We're getting away from Mozart's sacred works (to the Liebestod and Schumann 2). Which is fine by me. Another interesting twist on a classic model is in Terry Gilliam's Time Bandits, where (IIRC, I'm not going to play the film right now) the music is often based on the 1st movement of Mahler 6, though turned upside-down and distorted.
"I don't know what sforzando means, though it clearly means something."

Luke

Quote from: (poco) Sforzando on January 08, 2024, 11:27:25 AMWe're getting away from Mozart's sacred works (to the Liebestod and Schumann 2). Which is fine by me. Another interesting twist on a classic model is in Terry Gilliam's Time Bandits, where (IIRC, I'm not going to play the film right now) the music is often based on the 1st movement of Mahler 6, though turned upside-down and distorted.

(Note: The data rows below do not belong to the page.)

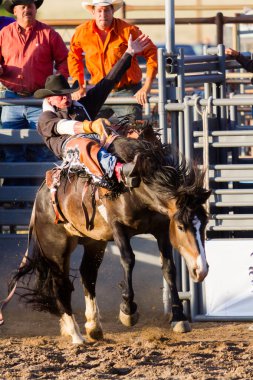 Rodeo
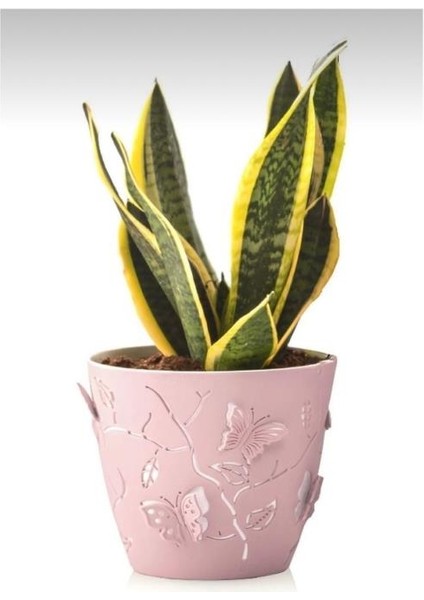 1.40 Lt Pembe Renk 3D Kelebek Desenli Dekoratif Plastik Saksı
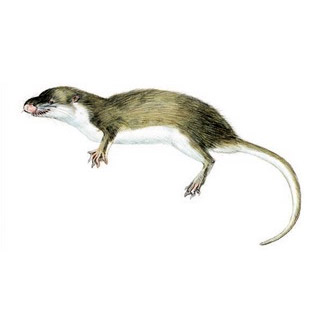Micropotamogale ruwenzorii Фото №3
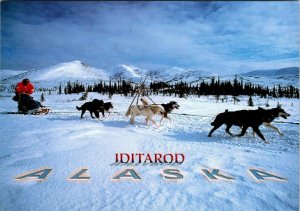 AK, Alaska  IDITAROD DOG SLED RACE  Team Mushing/Racing Competition 4X6 Postcard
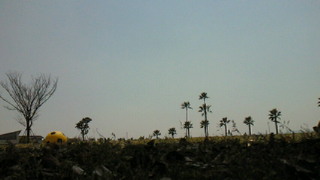 b0009799_544616.jpg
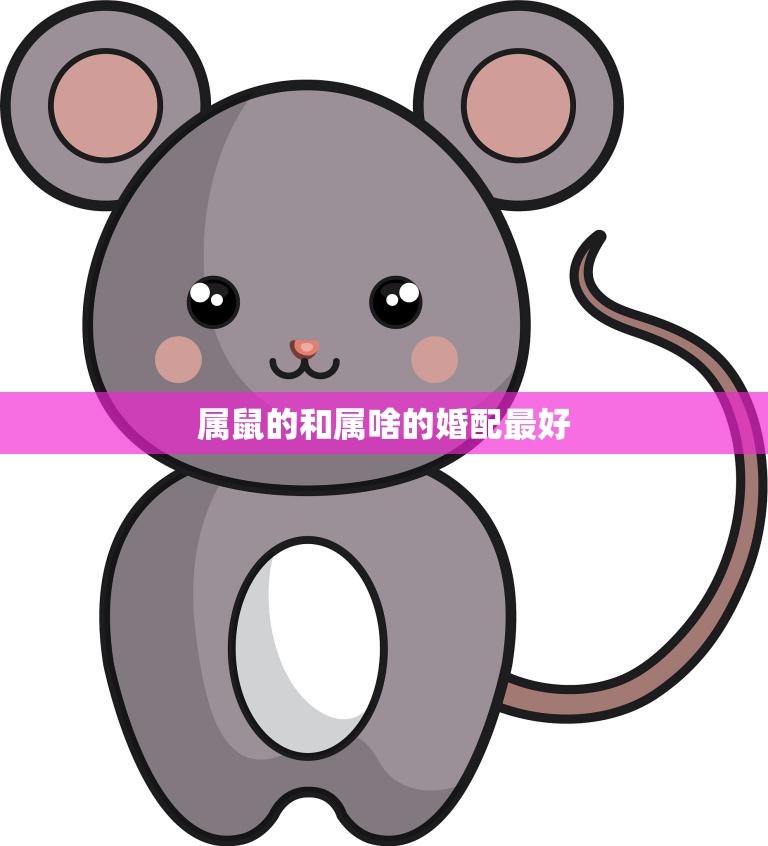 属鼠的和属啥的婚配最好(如何选择最佳婚姻伴侣)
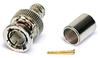 BNC CRIMP PLUG 75 OHM 1694A -- 10-03001-237 - Image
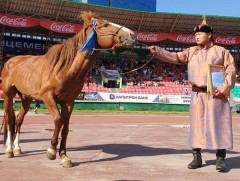 Тод манлай уяач О.Батбилэг хурдан азарганыхаа төлийг дуудлага худалдаанд оруулна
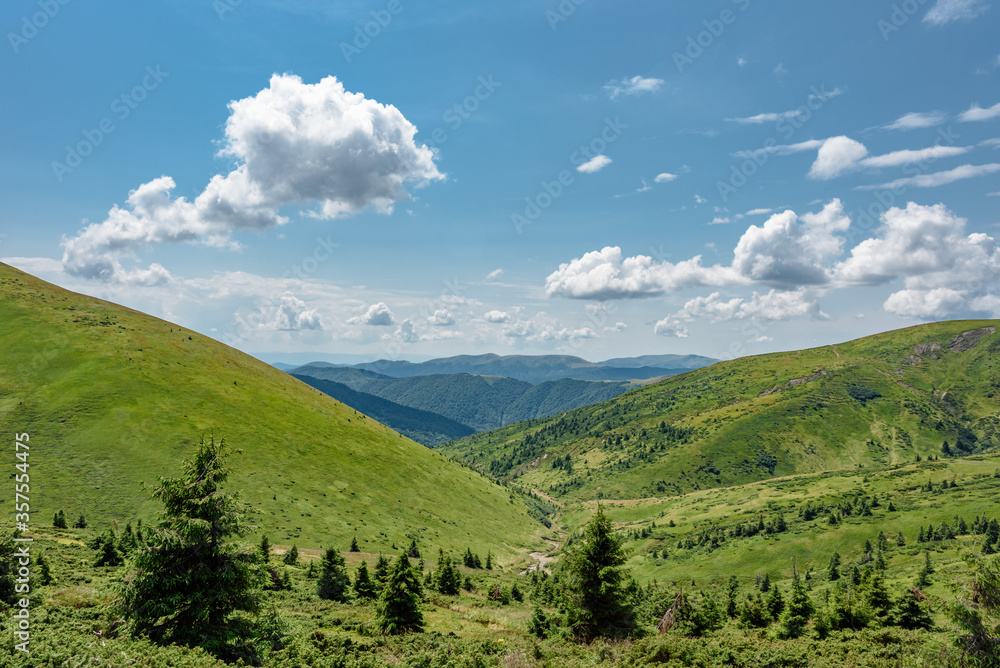 Beautiful Carpathian Mountains landscape in Dragobrat, summer view
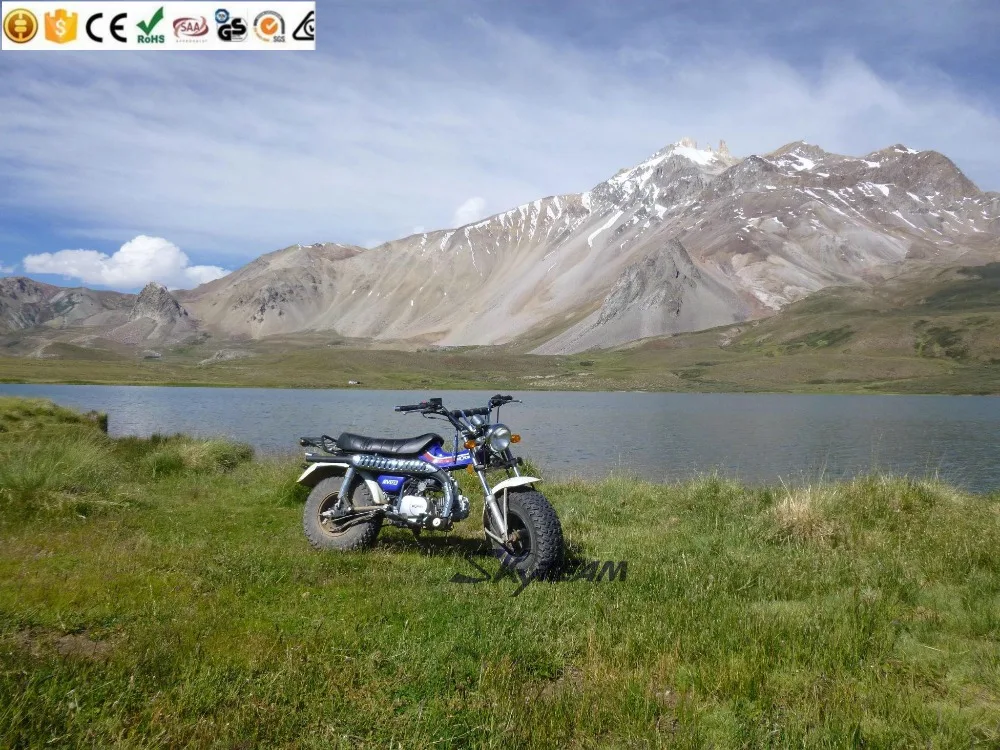 
SKYTEAM T-REX 50cc 4 stroke on road motorcycle (EEC approved, 5.5-10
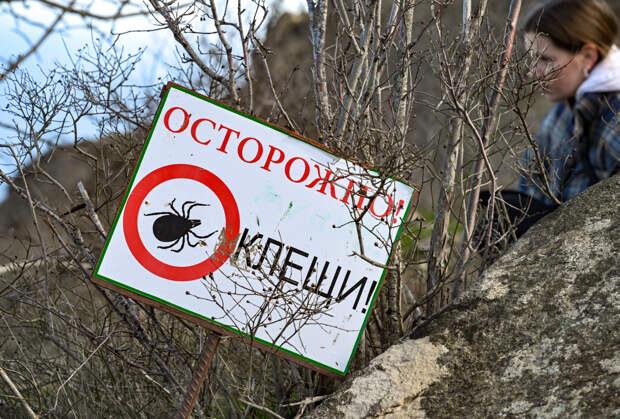 Москвичей предупредили о возможном нашествии опасных клещей-мутантов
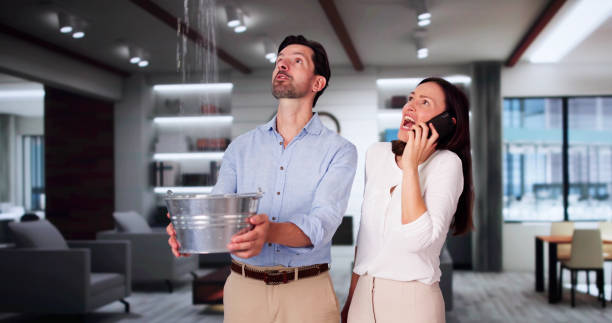 Best 24-hour water damage restoration  in Imlay City, MI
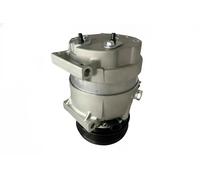 DELPHI CS20517 Compressore aria condizionata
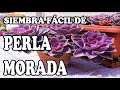 Perla morada (Echeveria &#39;Perle von Nurnberg&#39;)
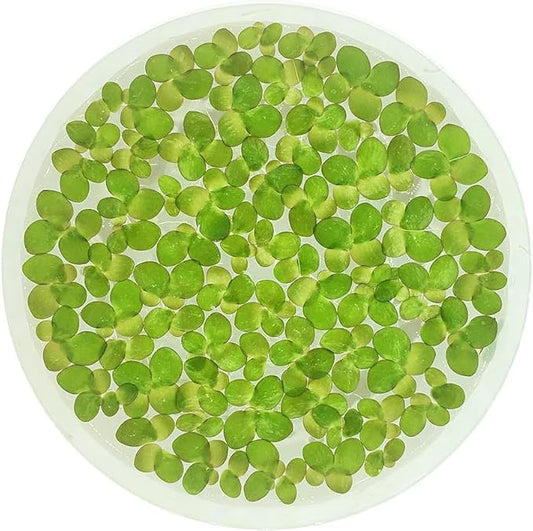 Giant Duckweed, Spirodela polyrhiza, Live Aquarium/Aquatic/Freshwater/Floating/Pond Plant, Planted Tank, Aquascaping by Aquarium Plant Center (60 Plants)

Yes! I remember noticing that, too.  :D

(poco) Sforzando

If we want other musical references in films (they're endless of course), I recommend Joseph Mankiewicz's silly but often hilarious 1951 comedy "People Will Talk," which features campy performances by Walter Slezak, Hume Cronyn, and Margaret Hamilton (the Wicked Witch of the West), and ends with Cary Grant conducting the Academic Festival Overture (don't ask). I am completely convinced (but cannot prove it) that one character played by Finlay Currie is deliberately made up to look like Anton Bruckner.

See 2:30 for the Witch.
See 27:01 and 1:25 for Bruckner.
https://www.youtube.com/watch?v=KxRpAvJ1-Os&t=2s
"I don't know what sforzando means, though it clearly means something."

Karl Henning

Quote from: (poco) Sforzando on January 08, 2024, 12:17:43 PMIf we want other musical references in films (they're endless of course), I recommend Joseph Mankiewicz's silly but often hilarious 1951 comedy "People Will Talk," which features campy performances by Walter Slezak, Hume Cronyn, and Margaret Hamilton (the Wicked Witch of the West), and ends with Cary Grant conducting the Academic Festival Overture (don't ask). I am completely convinced (but cannot prove it) that one character played by Finlay Currie is deliberately made up to look like Anton Bruckner.

See 2:30 for the Witch.
See 27:01 and 1:25 for Bruckner.
https://www.youtube.com/watch?v=KxRpAvJ1-Os&t=2s
That movie never fails to make me smile.
Karl Henning, Ph.D.
Composer & Clarinetist
Boston MA
http://www.karlhenning.com/
[Matisse] was interested neither in fending off opposition,
nor in competing for the favor of wayward friends.
His only competition was with himself. — Françoise Gilot

W.A. Mozart

Quote from: Luke on January 08, 2024, 07:45:33 AMThe end of the show, the climax of the last chorus of 'Tale as old as time.' The Wagner is nothing less than the Liebestod from Tristan.

Two other well-known classical quotations occuring in a musical are to be found in The Wizard of Oz. The first is Schumann's Frohlicher Landmann, from the Album for the Young, which is heard often in the musical, including as the first thing we hear when the action begins. The second - it's a bit notorious - is an entirely unaltered quotation from the second of Mendelssohn's op 16 Caprices. It fits the context, but it reeks of someone looking for a bit of pre-existing material to fill up a space. Both below, next to the relevant original.



Are you speaking about this?


Could you please tell me the minute where Wagner is quoted?

Luke

I don't think it's on any of the various film versions; it's in the stage score


about 11/12 seconds in, in the bar before 'I love you' - orchestra only, violins.